Recently on Facebook, i have come across many old friends. Some, are more than likely reading this Blog via my Facebook page. So i can't say too much, except for the fact that they were fit back then at school, but were too good for the nerd. But now i will get my revenge...with SEX!!!! Hmmm, not in the way THAT was worded though.

But i'm back in contact with a lot of girls i was previously too nerdy to speak to at school, i feel God Himself has given me a second chance with facebook. Perhaps a second chance at life... speaking of which, anyone heard of a online thing called Second Life? from what i'm hearing, it sounds like that was made for me.

To be honest i could go on for ever, the simple fact is, sure some people say using Facebook the government or the Men In Black have all your details and will use it to farm our brains like the vast human fields in the Matrix and conspiracy theory blah blah, details info. I've assesed this situation and looked into the possible intricacies of confusion, identity theft and government tracking that can come of displaying your details on a Facebook page...and here is my conclusion, in response, to that said information...

"bolloxs"

Get on Facebook, and get a life!!! I never had one before!!!! now i have 100 friends (by the time you read this...probably) It is the greatest thing since Childbirth.

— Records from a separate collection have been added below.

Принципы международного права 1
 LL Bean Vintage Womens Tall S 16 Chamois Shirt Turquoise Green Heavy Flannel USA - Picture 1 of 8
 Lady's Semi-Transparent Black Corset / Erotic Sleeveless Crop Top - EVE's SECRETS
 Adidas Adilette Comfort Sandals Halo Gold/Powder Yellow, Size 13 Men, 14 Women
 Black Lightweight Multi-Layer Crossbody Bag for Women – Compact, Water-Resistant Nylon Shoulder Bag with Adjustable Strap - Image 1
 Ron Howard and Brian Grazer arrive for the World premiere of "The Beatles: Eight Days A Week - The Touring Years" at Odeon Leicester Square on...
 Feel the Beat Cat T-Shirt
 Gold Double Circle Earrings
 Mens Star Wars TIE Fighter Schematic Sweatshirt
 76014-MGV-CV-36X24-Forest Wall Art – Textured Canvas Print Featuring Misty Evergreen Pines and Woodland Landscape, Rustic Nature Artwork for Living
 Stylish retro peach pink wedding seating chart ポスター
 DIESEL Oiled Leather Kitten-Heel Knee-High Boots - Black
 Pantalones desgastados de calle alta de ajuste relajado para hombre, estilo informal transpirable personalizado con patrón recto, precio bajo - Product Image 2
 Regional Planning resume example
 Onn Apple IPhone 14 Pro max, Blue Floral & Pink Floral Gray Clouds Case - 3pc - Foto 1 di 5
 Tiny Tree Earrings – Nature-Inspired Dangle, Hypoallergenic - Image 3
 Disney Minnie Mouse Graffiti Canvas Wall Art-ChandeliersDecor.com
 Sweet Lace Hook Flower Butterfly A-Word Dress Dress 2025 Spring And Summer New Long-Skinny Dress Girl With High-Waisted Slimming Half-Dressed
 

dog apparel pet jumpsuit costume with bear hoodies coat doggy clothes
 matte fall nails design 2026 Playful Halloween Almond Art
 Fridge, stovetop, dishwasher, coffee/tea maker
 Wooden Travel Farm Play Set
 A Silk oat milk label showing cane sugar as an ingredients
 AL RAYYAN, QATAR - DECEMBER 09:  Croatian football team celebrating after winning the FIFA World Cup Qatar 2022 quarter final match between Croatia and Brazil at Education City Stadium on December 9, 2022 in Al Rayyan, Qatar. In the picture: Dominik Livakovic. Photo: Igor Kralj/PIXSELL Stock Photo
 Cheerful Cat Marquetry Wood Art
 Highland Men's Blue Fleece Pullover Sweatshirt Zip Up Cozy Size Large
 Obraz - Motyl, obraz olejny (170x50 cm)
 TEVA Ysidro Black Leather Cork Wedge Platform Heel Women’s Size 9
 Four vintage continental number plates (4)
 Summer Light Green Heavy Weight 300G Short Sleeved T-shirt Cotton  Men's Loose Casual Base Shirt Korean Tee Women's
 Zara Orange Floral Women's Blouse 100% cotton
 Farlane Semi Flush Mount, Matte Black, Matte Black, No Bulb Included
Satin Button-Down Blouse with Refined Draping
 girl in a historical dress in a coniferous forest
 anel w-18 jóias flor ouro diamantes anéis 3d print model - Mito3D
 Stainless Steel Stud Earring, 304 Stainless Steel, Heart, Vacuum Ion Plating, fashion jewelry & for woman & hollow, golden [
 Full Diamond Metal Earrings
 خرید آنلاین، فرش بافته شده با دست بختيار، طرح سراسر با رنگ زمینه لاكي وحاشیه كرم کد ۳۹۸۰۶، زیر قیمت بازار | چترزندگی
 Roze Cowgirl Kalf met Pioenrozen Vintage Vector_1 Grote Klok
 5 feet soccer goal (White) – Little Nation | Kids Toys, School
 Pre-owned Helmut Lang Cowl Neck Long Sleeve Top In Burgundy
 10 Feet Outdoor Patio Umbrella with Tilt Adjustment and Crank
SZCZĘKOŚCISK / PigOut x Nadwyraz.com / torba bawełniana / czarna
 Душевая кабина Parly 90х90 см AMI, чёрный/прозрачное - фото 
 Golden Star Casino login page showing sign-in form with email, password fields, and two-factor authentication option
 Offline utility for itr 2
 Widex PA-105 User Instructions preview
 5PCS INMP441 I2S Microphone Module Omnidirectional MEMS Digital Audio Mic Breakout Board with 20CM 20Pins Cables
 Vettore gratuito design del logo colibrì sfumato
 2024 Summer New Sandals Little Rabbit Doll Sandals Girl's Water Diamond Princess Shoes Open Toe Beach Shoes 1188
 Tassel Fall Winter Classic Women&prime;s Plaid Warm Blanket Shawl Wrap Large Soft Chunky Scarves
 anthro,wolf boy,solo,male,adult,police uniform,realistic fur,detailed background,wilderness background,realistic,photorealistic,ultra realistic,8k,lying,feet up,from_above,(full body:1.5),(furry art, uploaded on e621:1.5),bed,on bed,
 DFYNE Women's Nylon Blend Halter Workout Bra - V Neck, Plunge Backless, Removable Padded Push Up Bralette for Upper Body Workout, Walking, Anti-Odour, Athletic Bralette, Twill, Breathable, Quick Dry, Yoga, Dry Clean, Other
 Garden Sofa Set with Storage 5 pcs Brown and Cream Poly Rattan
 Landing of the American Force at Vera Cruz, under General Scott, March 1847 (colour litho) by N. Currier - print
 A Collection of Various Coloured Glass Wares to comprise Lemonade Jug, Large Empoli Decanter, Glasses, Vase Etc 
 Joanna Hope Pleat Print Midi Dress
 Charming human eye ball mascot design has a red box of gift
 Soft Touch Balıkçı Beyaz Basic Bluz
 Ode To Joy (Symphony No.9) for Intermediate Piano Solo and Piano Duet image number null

Serious...i mean you're on it already anyway right?? It's just the few oddballs and social rejects still yet to get with the motherfucking program. Hahah squares.

Just be careful though in case your boss is on there, setting your profile status name as "hungover from the weekend was fucking pissed" may not be the correct thing to do, at certain times.

Besides that, you not on Facebook? It's time to get your ass on there, and get yourself-a-lovin!!!


Monday, 28 January 2008

Numma 1: "Britney Spears needs Daniel in her life"

Hiya, first off, listen ok?? i think it's my duty as a human being on this sweet planet, to comment about this girl. I love her, do you? i mean really LOVE her, as i do? I even downloaded her newest album, and i wouldn't fit into the box of a Britney Fan on first appearances.

Let's go back. It started really with the rolling stone cover. White panties. My fetish. Then my interest in this witch died down. But now she's gone fruit loop. I've been thinking about her again. And i say to myself...Daniel son, you missed out.

I would have loved to have been that brummie paparazzi who took advantage of her fragile mental state, and basically leapt IN THERE. For one, the said Pantie Picture (above) could have been re enacted for me. In real life. I really would have worked the squeaking cogs of her unstable mind to convince her that she loved me. Actual love. I would have held her in my arms for as long as she wanted, as the nights passed, and the mornings rose we'd both be there. The single 'Oops I Did It Again' on constant rotation in the background, playing softly, not too loud. Just a warm presence, thumping away. The disco beat erotic as well as exciting.

I think in her current state of mind, she would be faithful too. She's just too ill to really know anything else. To be fair I'd be hoping she'd be too ill to really know what's going on...at all. Zoom, move right in there and take Advantage like a tennis player. And not in a cruel way, no peeing on her head or stuff like that, just really moulding and crafting this dazed and confused woman into wife material. I would still help her out with the pills...just, probably lower the dosage, we'd wanna keep her "good" for as long as possible. Keep her juicy.

Sure like most, nah, like all of us, I was a bit pissed off to see her look in the camera that time she got her noggin shaved. Remember that look? Like, "hey look at me, i am THIS crazy!!! Hey, you still there?" It was a real desperate cry for help. You could say it was from that point onwards i decided that Britney Spears needs Daniel in her life.

She also needs another Kid as well, which i would provide for her. The ol' boys been bubbling for a spunk dumpster for a while now. Might as well blast off at the BRITSTER. She would be wearing the white pants before this said sex session of course, and then she would remove them.

"Take them off girl" I'd say.

She'd comply, her head twitching. More than likely shedding a tear while doing so.

Welcome to Dan The British Blog, and this is the kind of shit i think about all day long my friends...all day long.